The MTR could have saved HK$1.53 billion in the past three years if it had used a revised mechanism to determine its fares, a South China Morning Post study has found.

A transport expert has described as a failure the government's bid to factor into fares the railway's profit and passengers' ability to pay, and an economist has said the revised mechanism could have been tougher.

The new formula, announced on Tuesday after a review of the MTR's fare adjustment mechanism, took into account inflation, transport workers' pay and the railway's productivity.

A profit-sharing system was also introduced in the revised formula, where the MTR would have to grant a specified amount in commuter concessions when its business profits exceeded HK$5 billion.

But the Post's study found that under the new mechanism's milder fare increases and mandatory concessions, passengers would have saved up to 78 per cent less in the past three years than under the old system, in which the railway voluntarily offered fare discounts.

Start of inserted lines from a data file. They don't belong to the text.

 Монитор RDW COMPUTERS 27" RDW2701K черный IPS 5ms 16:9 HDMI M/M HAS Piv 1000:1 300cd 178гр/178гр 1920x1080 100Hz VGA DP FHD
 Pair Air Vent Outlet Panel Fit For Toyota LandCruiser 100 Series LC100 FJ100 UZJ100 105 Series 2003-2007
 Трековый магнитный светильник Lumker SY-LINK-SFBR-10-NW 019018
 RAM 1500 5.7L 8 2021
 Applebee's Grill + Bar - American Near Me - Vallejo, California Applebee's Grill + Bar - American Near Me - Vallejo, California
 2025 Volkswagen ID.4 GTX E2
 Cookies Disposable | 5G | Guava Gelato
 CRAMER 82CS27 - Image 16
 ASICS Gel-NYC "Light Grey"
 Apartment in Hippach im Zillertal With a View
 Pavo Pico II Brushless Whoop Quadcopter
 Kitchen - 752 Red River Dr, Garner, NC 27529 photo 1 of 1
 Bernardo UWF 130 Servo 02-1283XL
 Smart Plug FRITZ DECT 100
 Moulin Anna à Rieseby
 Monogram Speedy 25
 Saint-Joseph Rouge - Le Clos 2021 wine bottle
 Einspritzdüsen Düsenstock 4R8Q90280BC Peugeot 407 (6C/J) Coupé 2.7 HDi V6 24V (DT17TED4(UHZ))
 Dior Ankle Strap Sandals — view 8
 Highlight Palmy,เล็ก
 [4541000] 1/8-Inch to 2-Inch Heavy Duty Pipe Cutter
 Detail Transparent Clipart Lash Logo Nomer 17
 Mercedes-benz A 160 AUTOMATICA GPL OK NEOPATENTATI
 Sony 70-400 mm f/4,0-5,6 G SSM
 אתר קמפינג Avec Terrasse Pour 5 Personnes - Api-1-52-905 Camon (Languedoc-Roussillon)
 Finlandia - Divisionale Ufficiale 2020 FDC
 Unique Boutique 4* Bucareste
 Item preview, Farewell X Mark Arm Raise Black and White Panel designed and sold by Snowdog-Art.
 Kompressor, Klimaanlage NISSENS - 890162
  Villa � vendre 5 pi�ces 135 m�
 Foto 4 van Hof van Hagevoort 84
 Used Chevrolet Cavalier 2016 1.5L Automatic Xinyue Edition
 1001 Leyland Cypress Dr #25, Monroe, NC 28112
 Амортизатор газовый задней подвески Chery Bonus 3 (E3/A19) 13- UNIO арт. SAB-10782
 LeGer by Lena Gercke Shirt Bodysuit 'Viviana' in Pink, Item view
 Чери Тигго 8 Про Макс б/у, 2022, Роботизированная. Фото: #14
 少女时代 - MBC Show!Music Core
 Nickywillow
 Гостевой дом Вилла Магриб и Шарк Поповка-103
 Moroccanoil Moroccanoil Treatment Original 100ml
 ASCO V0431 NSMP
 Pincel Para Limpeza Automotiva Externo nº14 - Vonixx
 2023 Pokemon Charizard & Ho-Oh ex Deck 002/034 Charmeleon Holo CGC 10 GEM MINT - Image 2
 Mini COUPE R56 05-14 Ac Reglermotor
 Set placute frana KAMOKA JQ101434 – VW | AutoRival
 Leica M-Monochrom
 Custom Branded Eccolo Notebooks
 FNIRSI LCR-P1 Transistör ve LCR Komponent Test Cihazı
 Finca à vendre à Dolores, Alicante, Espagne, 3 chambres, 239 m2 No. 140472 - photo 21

For example, if the revised formula had been applied in the 2011 fare increase, the MTR's mandatory concessions would amount to only HK$125 million and it would receive HK$45.4 million less in revenue from a milder fare increase.

Compared with the HK$757 million in voluntary concessions given under the old system that year, the MTR would then have saved HK$587 million.

Under the revised mechanism, passengers' ability to pay would be measured by changes in median household income.

If the rate based on the formula was higher than the income change, discounts would be offered. But if household incomes did not rise, effective fares would be frozen.

The Post's study found that in the past five years, the only occasion in which the household income change was negative was in 2009. This meant that effective fares in 2010 would not have been raised if the new system had been in place then. But, based on the revised mechanism, passengers would still have faced a fare increase last year as the year-on-year income change was 9.3 per cent.

Under the new formula, fares in 2012 would have been raised by 4.9 per cent - slightly less than the actual 5.4 per cent imposed, which sparked a public outcry then and eventually led to the mechanism review.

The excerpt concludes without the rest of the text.